(Given data begins)

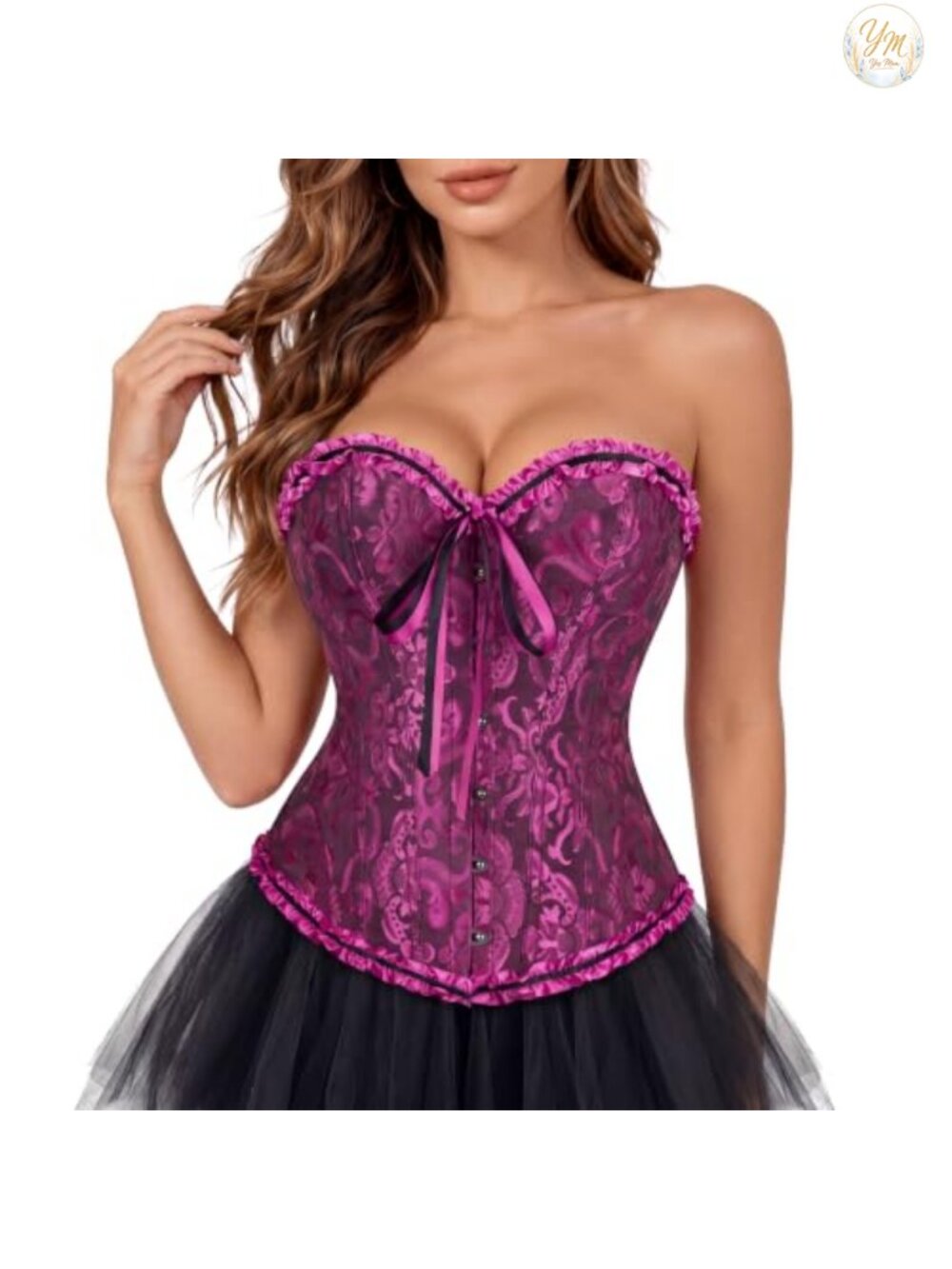 Victorian Overbust Corset Top Lace-Up Brocade Bustier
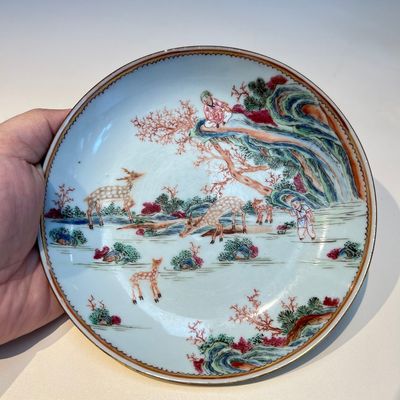 A Chinese famille rose 17-piece 'Deer and Scholars' tea service, Qianlong — 照片 24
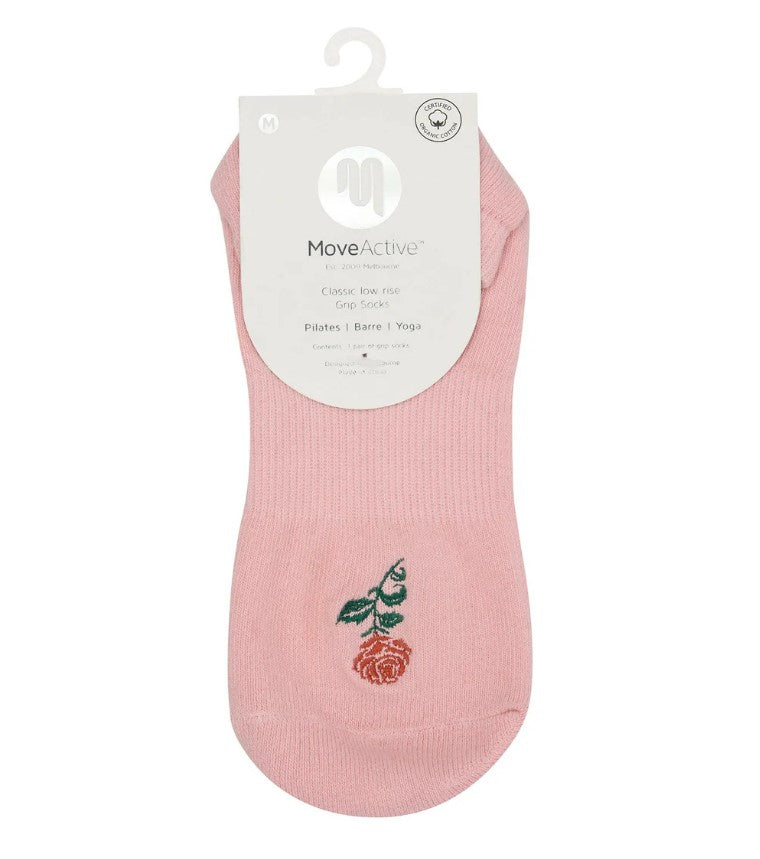 Classic Low Rise Grip Socks - Vintage Rose Berry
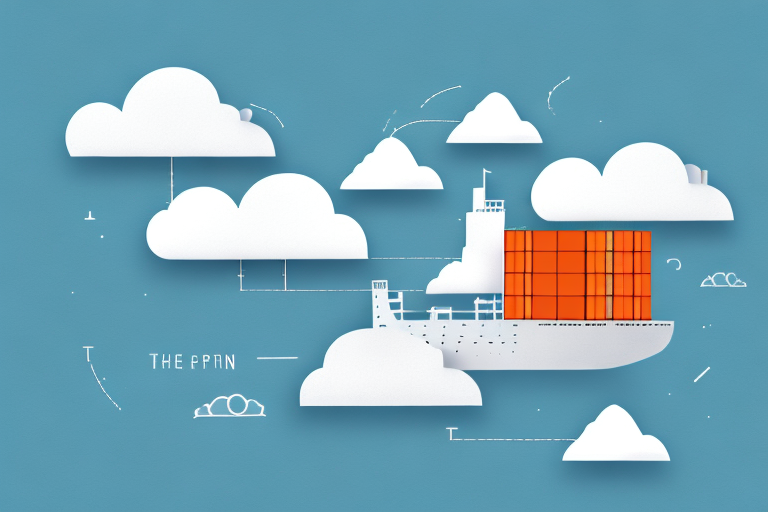 A cargo ship releasing boxes (representing products) onto a cloud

(Given data ends)

_Work request_
In the answer, the data should reappear exactly, with no pictures.

_Solution for this exercise_
 Victorian Overbust Corset Top Lace-Up Brocade Bustier
 A Chinese famille rose 17-piece 'Deer and Scholars' tea service, Qianlong — 照片 24
 Classic Low Rise Grip Socks - Vintage Rose Berry
 A cargo ship releasing boxes (representing products) onto a cloud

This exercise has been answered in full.